Kashmiri diaspora slams India raids on civil groups
Indian troops in Meej village, south of Srinagar, Jammu and Kashmir, Nov. 6, 2020. (AP Photo)


A major Kashmiri diaspora group has denounced recent raids by security forces on civil society groups in the Indian-administered Jammu and Kashmir.

The U.S.-based World Kashmir Awareness Forum (WKAF) said the raids by the National Investigation Agency (NIA) are "politically motivated" and "seek to further muzzle Kashmiri voices."

The agency last week carried out a series of raids on well-known human rights activists, journalists, educational and humanitarian aid organizations in the disputed Kashmir, as well as India's capital New Delhi.

"We condemn the Indian government's continued Hindutva fascist assault on the disputed region of Jammu and Kashmir. The Modi government seems to be bent on suppressing the voices of Kashmiris and anyone else who raises a finger against its settler-colonial agenda and blatant human rights abuses in the region," said the WKAF statement.

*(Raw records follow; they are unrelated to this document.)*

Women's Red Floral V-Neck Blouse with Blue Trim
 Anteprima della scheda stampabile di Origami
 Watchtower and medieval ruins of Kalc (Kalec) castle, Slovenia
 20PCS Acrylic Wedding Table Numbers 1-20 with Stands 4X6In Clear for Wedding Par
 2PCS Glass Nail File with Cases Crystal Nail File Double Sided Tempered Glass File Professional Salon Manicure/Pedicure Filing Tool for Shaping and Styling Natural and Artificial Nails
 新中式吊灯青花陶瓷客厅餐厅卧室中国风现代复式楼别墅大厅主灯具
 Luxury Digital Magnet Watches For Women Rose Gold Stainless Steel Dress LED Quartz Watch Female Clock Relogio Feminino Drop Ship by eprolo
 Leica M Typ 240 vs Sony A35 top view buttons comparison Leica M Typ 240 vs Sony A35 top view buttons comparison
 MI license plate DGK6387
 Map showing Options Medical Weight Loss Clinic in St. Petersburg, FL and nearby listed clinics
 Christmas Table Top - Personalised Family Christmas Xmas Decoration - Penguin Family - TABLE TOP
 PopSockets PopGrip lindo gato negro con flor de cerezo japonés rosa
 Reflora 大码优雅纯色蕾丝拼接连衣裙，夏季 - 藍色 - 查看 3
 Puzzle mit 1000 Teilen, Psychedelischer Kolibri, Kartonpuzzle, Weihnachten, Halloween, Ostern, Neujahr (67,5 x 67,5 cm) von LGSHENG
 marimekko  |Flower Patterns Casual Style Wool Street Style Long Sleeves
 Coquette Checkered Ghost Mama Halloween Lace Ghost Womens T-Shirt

Several rights groups, including Amnesty International, urged India to halt the raids, which the NIA has said were conducted "based on credible information that the organizations have been using funding from India and abroad for secessionist and terrorist activities in J&K (Jammu and Kashmir)."

"The Indian state's new repressive measures may bring temporary silence among Kashmir's besieged population and their supporters, but it will never buy their allegiance to India. Prolonging the settlement of the Kashmir dispute will bring peace neither to India nor to South Asia, and will prolong the unnecessary suffering of thousands of innocent civilians," said the WKAF.